(Web page caption snippets)

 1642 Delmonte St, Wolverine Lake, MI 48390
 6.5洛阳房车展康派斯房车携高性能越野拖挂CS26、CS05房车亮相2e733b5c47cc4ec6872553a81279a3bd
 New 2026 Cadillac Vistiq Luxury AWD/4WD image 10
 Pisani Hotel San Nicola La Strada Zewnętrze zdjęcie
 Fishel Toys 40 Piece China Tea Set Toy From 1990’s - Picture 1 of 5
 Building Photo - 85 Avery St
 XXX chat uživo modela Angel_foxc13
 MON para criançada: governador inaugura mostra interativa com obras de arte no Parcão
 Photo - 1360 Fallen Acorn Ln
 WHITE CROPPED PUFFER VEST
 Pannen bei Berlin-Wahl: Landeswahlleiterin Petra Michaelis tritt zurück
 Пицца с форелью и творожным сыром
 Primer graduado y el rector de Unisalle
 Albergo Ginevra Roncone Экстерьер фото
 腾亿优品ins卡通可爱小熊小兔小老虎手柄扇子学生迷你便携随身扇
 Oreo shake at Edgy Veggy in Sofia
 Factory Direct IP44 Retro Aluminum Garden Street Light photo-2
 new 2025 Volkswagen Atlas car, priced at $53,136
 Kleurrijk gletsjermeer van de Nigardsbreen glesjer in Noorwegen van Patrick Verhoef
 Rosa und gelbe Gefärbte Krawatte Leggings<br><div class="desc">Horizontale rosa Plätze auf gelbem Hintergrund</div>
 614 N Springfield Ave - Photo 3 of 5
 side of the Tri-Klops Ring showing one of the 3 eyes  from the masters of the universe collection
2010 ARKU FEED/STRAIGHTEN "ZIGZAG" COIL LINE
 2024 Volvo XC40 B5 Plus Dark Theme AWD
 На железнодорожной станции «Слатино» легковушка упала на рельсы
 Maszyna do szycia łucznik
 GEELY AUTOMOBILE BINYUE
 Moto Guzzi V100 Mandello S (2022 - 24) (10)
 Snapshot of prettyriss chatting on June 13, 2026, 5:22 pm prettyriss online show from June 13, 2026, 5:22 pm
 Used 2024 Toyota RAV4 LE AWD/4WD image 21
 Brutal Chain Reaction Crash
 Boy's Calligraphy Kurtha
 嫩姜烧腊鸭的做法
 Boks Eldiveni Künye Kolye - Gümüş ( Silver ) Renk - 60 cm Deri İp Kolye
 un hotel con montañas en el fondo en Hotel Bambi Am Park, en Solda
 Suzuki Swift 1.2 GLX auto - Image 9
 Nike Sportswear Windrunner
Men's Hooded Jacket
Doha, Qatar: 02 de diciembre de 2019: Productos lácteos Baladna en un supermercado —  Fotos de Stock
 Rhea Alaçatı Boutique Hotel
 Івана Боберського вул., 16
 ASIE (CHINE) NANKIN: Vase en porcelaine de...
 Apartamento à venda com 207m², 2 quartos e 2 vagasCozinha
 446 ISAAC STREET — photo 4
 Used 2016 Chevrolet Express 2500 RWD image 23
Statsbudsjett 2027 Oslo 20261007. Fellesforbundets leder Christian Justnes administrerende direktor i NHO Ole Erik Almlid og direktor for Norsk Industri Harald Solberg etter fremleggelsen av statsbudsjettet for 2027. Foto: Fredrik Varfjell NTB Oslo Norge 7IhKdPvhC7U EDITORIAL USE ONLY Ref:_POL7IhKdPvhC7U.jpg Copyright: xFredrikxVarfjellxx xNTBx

→ **Work request**:
The required output is the stretch of entries above from the line containing "XXX chat uživo modela Angel_foxc13" through the line containing "Kleurrijk gletsjermeer van", reproduced exactly.

→ **Task response**:
 XXX chat uživo modela Angel_foxc13
 MON para criançada: governador inaugura mostra interativa com obras de arte no Parcão
 Photo - 1360 Fallen Acorn Ln
 WHITE CROPPED PUFFER VEST
 Pannen bei Berlin-Wahl: Landeswahlleiterin Petra Michaelis tritt zurück
 Пицца с форелью и творожным сыром
 Primer graduado y el rector de Unisalle
 Albergo Ginevra Roncone Экстерьер фото
 腾亿优品ins卡通可爱小熊小兔小老虎手柄扇子学生迷你便携随身扇
 Oreo shake at Edgy Veggy in Sofia
 Factory Direct IP44 Retro Aluminum Garden Street Light photo-2
 new 2025 Volkswagen Atlas car, priced at $53,136
 Kleurrijk gletsjermeer van de Nigardsbreen glesjer in Noorwegen van Patrick Verhoef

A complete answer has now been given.